Few letter changed direct marketing more than WWW.
Prior to the mid-1990s, we pushed our message to the customer. And if we didn't push our message to the customer, the customer didn't buy from us unless she specifically requested a catalog.
Though it has been nearly fifteen years since the first e-commerce websites appeared, our evolution into the realm of "www." has been comparatively slow. Think about it. Our websites were drill-down oriented websites built by technical individuals, not by shoppers.
Once the infrastructure was built, we learned that modifying the infrastructure was hard work. Marketers wanting to make changes had to submit projects to a "book of work", where projects were prioritized based on available resources. Never before had marketers been so hamstrung. Catalog marketers were used to doing whatever they wanted, limited only by the constraints of the printing process. Online marketers require that information technology bridge to be successful.

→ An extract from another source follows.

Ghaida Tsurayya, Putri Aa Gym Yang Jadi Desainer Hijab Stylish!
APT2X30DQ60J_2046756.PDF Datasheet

In the past five years, it seems like the customer became frustrated with the slow pace of change in multichannel marketing. She no longer trusts us, and probably for good reason. We've failed her with false guarantees and marketing gimmicks. Now, she looks to her peers for advice. She looks at customer reviews of products, not the copy written by somebody paid to entice the customer into purchasing goods and services.

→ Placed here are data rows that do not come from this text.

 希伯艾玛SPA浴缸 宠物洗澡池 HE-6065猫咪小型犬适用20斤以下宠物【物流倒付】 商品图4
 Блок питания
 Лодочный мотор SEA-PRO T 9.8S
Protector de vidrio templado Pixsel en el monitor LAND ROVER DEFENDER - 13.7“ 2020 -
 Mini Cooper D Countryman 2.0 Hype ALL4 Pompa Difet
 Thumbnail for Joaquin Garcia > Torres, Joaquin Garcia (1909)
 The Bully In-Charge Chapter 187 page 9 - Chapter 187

The future of Multichannel Forensics is not within any one brand, but between brands that sprawl across the internet. Our job will be to understand how our customers interact with other shoppers, websites, and brands. We'll demonstrate that Facebook is in Transfer Mode with Google, and that customers who come from Google are loyal to Google, not loyal to us. We'll use the Multichannel Forensics framework to make sense of the World Wide Web, a complicated entanglement of sites independent of each other. We will understand our place in this complicated "web".
Who is going to lead this charge?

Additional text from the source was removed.